Intelligence Agency Budgets Revealed in Washington Post
Secret intelligence agency budget information was abundantly detailed in the Washington Post yesterday based on Top Secret budget documents released by Edward Snowden. See “U.S. spy network’s successes, failures and objectives detailed in ‘black budget’ summary” by Barton Gellman and Greg Miller, Washington Post, August 29.
The newly disclosed information includes individual agency budgets along with program area line items, as well as details regarding the size and structure of the intelligence workforce. So one learns, for example, that the proposed budget for covert action in FY2013 was approximately $2.6 billion, while the total for open source intelligence was $387 million.
Some of the information only confirms what was already understood to be true. The budget for the National Security Agency was estimated to be about $10 billion, according to a recent story in CNN Money (“What the NSA Costs Taxpayers” by Jeanne Sahadi, June 7, 2013). The actual NSA budget figure, the Post reported, is $10.8 billion.

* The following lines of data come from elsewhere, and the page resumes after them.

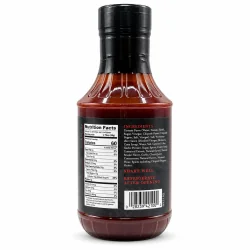 Loot N Booty - Cherry Chipotle BBQ Sauce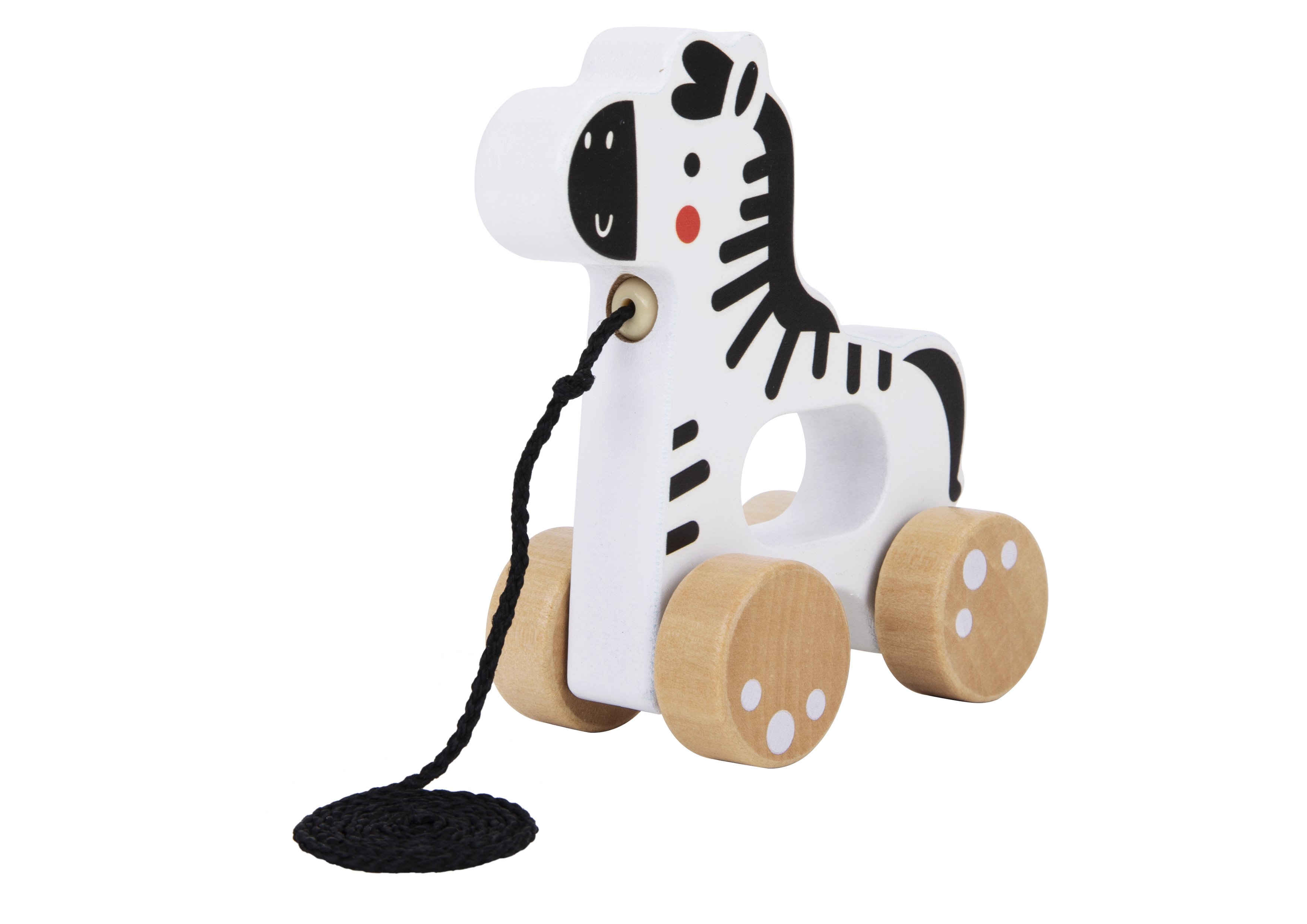Игрушка Tooky Toy каталка - фото 3
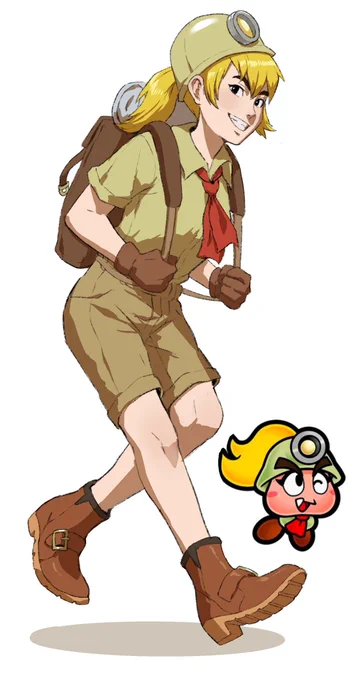 Goombella 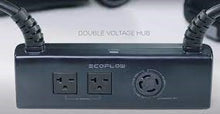 Load image into Gallery viewer, EcoFlow Double Voltage Hub (DELTA Pro)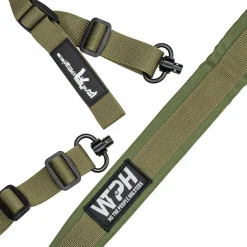 We The People Holsters Patriot Two Point Rifle Sling With QD Mounts Best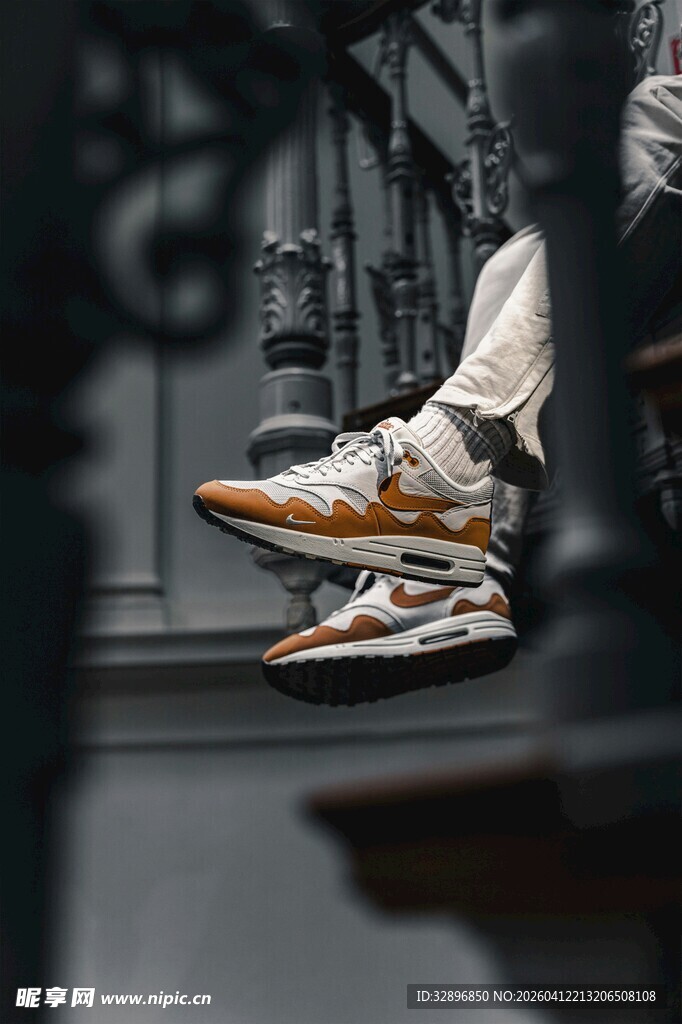 潮流人士的个性街头鞋履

And the involuntary disclosure of classified intelligence budget information, while rare, is not unprecedented. In 1994, the House Appropriations Committee inadvertently published budget data for national and military intelligence, the size of the CIA budget, and other details. (“$28 Billion Spying Budget is Made Public by Mistake” by Tim Weiner, New York Times, November 5, 1994)
But the current disclosure of intelligence budget information dwarfs all previous releases and provides unmatched depth and detail of spending over a course of several years, based on original documents. The disclosure is doubly remarkable because the Post chastely refrained from releasing about 90% of the Congressional Budget Justification Book that it obtained. “Sensitive details are so pervasive in the documents that The Post is publishing only summary tables and charts online,” Post reporters Gellman and Miller wrote.
This is not a whistleblower disclosure; it does not reveal any illegality or obvious wrongdoing. On the contrary, the underlying budget document is a formal request to Congress to authorize and appropriate funding for intelligence.
But the disclosure seems likely to be welcomed in many quarters (while scorned in others) both because of a generalized loss of confidence in the integrity of the classification system, and because of a more specific belief that the U.S. intelligence bureaucracy today requires increased public accountability.
Though it has never been embraced as official policy, the notion of public disclosure of individual intelligence agency budgets (above and beyond the release of aggregate totals) has an honorable pedigree.
In 1976, the U.S. Senate Church Committee advocated publication of the total intelligence budget and recommended that “any successor committees study the effects of publishing more detailed information on the budgets of the intelligence agencies.”
In a 1996 hearing of the Senate Intelligence Committee, then-Chair Sen. Arlen Specter badgered DCI John Deutch about the need for intelligence budget secrecy.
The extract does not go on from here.